ERBIL, Kurdistan Region of Iraq – The search for seven-year-old Arvan Sihad’s body, who drowned in the Great Zab river on Friday is still underway, with authorities citing strong currents and muddiness as obstructing their search efforts.
Sihad, originally from Duhok, visited his grandparents in Amedi’s Deraluk subdistrict with his father for the Eid al-Adha, Sihad’s grandfather told The New Region. The seven-year-old then left his grandparent’s house without anyone’s knowledge, shortly after which the news of his drowning reached his family.
“We have asked for the water flow to the river to be reduced from the Deraluk dam and and Gali Rashava,” Kareem Qasim, a family member of Sihad told The New Region, so that they can find Sihad, and not suffer the same fate as Avesta Yousef, a 27-year-old woman from Erbil who fell into a river in Mergasor during a picnic in early April, whose body has yet to be located despite strenuous search efforts.

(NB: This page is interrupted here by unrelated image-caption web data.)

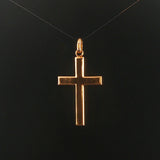 18k Yellow Gold 7.2g Polished Flat Cross Pendant 1.5"
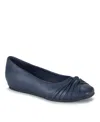 Baretraps Chainey Womens Ruffled Manmade Ballet Flats In Blue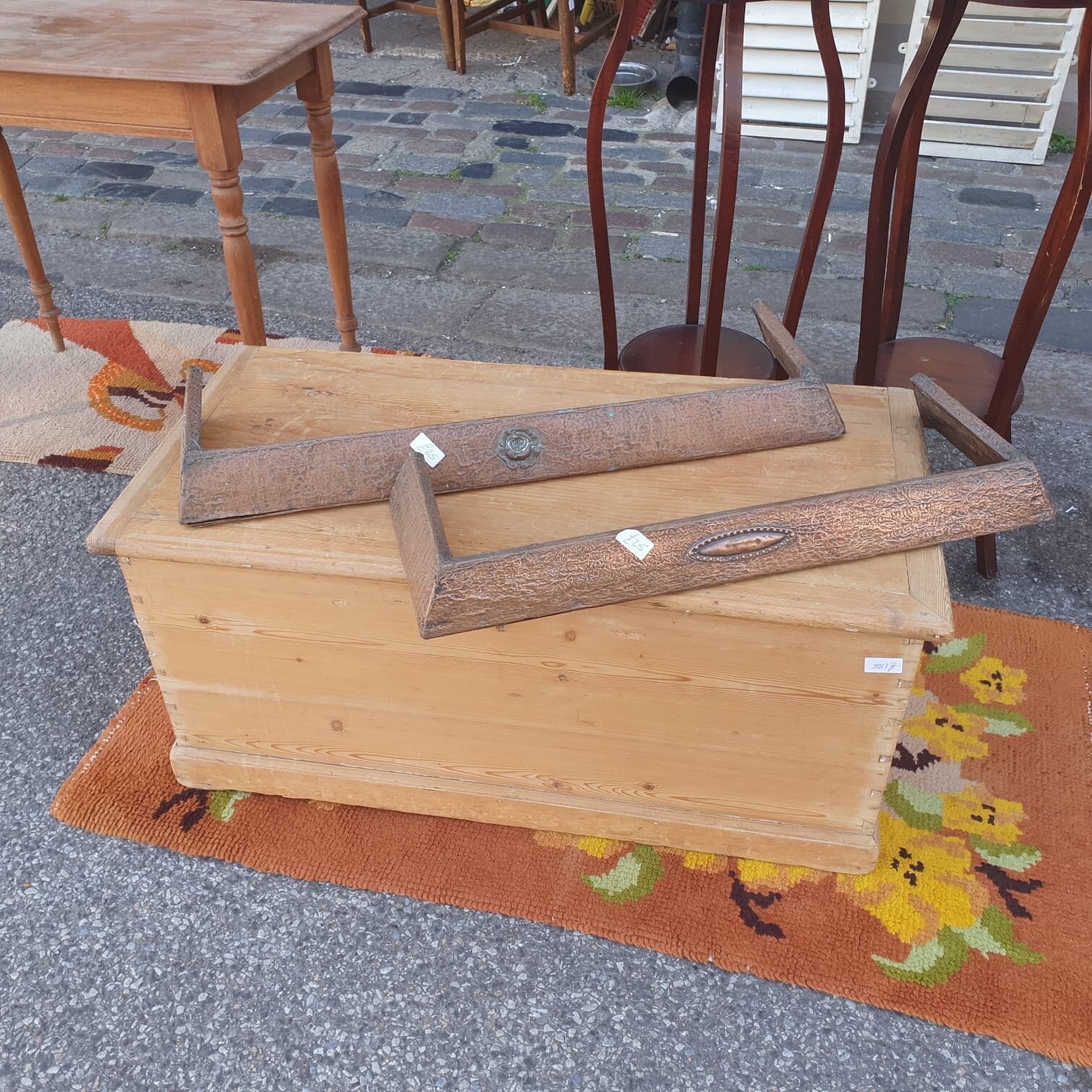 £25 each 2 copper clad fire curbs small - 71cm wide x 25cm deep bigger 81cm wide x 25cm deep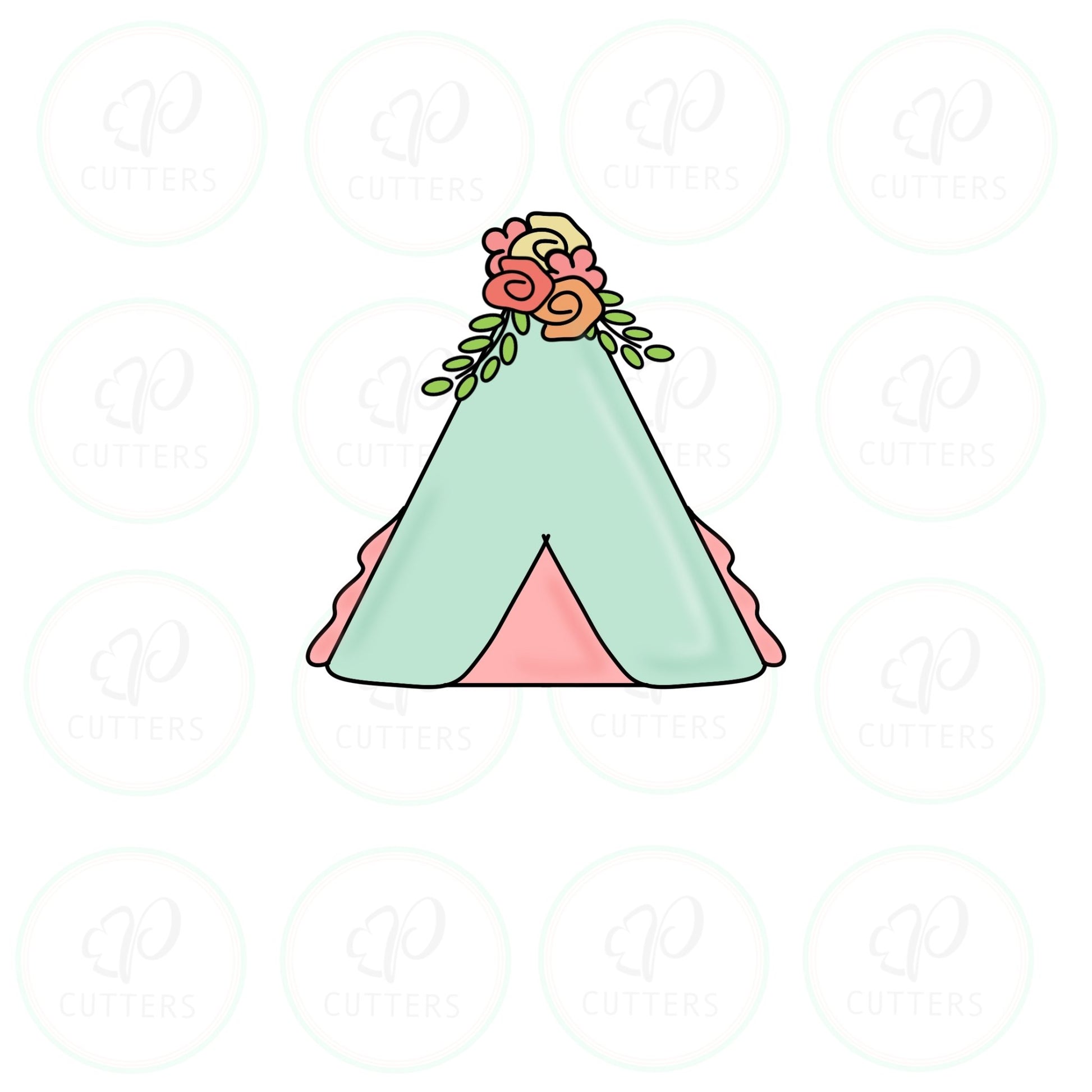 Boho Floral Teepee Cookie Cutter - Periwinkles Cutters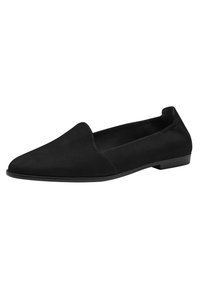 Svart mocka slip-on sko med rund tå, minimal sömnad och en låg, platt klack. Slät textur med en elegant design.
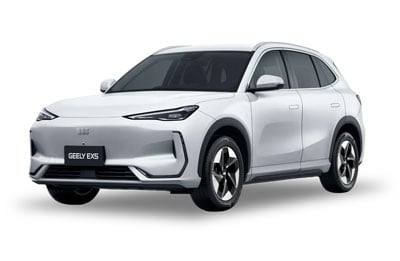 White Geely EX5 compact SUV photographed from a front-right three-quarter angle.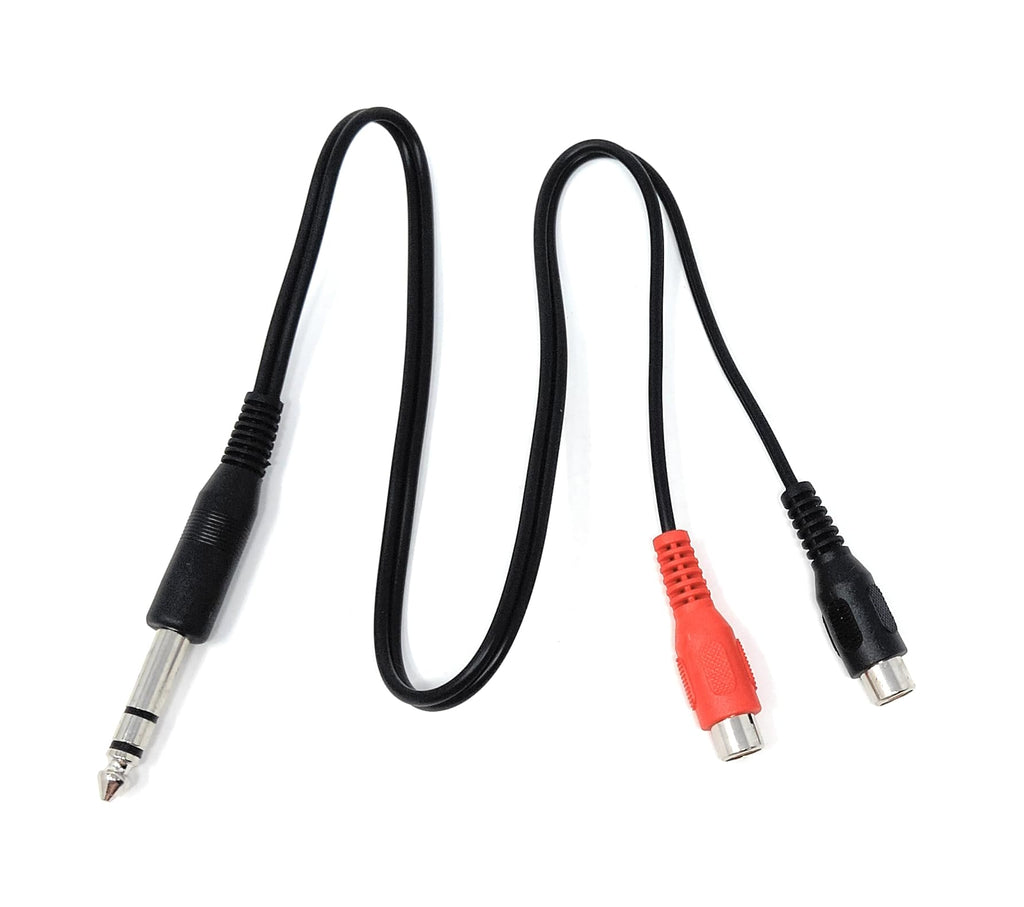 DRUT 6.35mm Stereo Jack Plug to Twin RCA Phono Sockets Male to Female Cable Adapter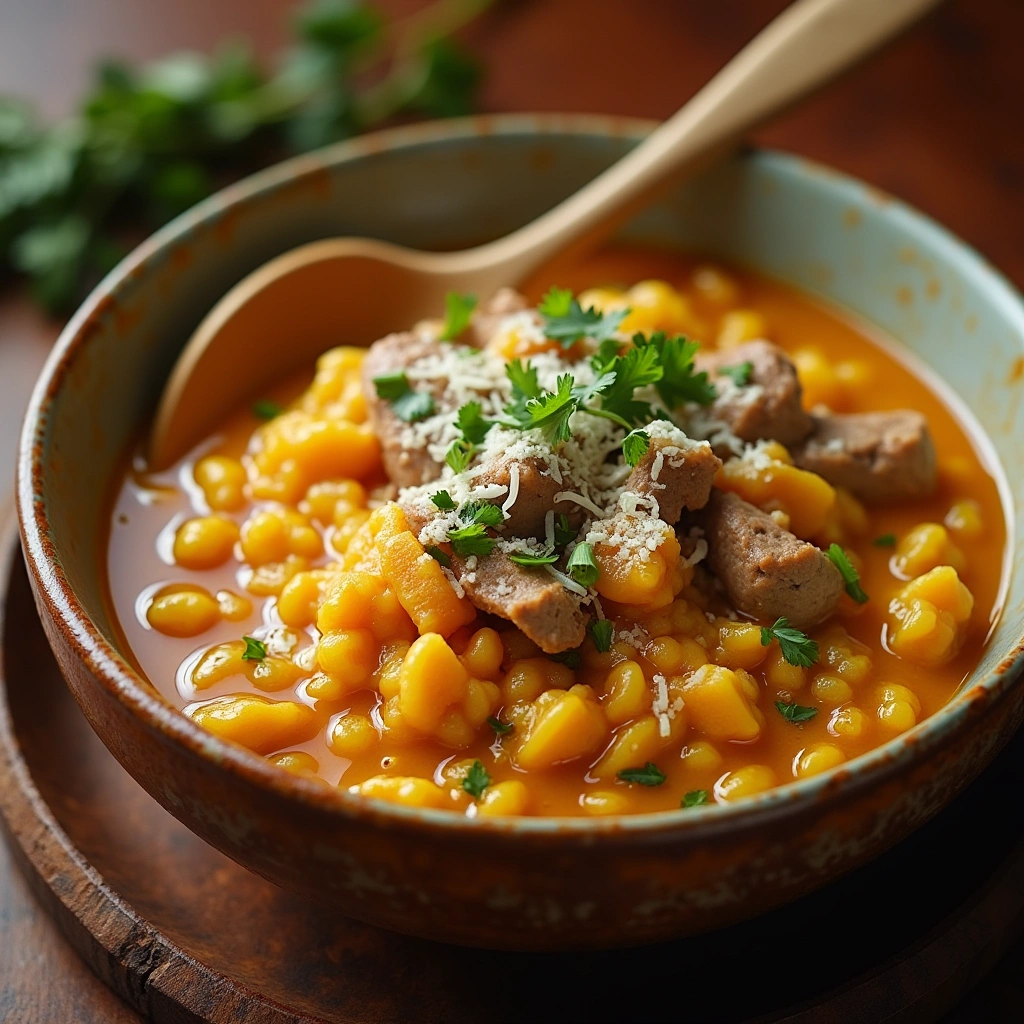 Risotto de calabaza con carne servido en un tazón rústico, decorado con hierbas frescas y queso parmesano.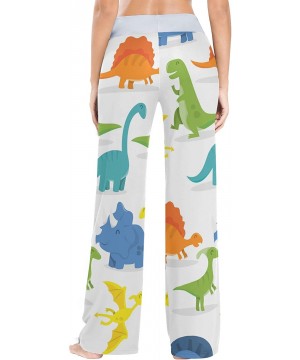 Bottoms Cartoon Dinosaur Colorful Women Loose Palazzo Casual Drawstring Sleepwear Print Yoga Pants - CC19CSKIKYW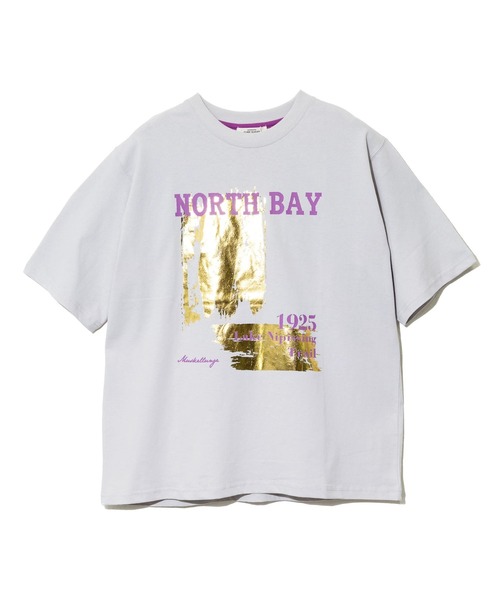 CUBE SUGAR(キューブシュガー)の「CUBE SUGAR/キューブシュガー 21/-OE天竺箔プリントTEE(Tシャツ/カットソー・レディース・グレー/パープル・FREE)」の2枚目の写真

Over 15 hours after the incident, rescue teams have continued their search for the child’s body to no avail, Rebar Sdiq, Deraluk subdistrict director, told The New Region on Saturday, adding that arrangements are being made to reduce the water level of the river for half an hour in the afternoon to assist the search at the request of Sihad’s family.
The Great Zab is a 400-kilometer long body of water that stretches from Turkey through the Kurdistan Region and merges with Iraq’s Tigris river south of Mosul, its torrential nature and large size pose difficulties in the way of rescue teams to carry out searches.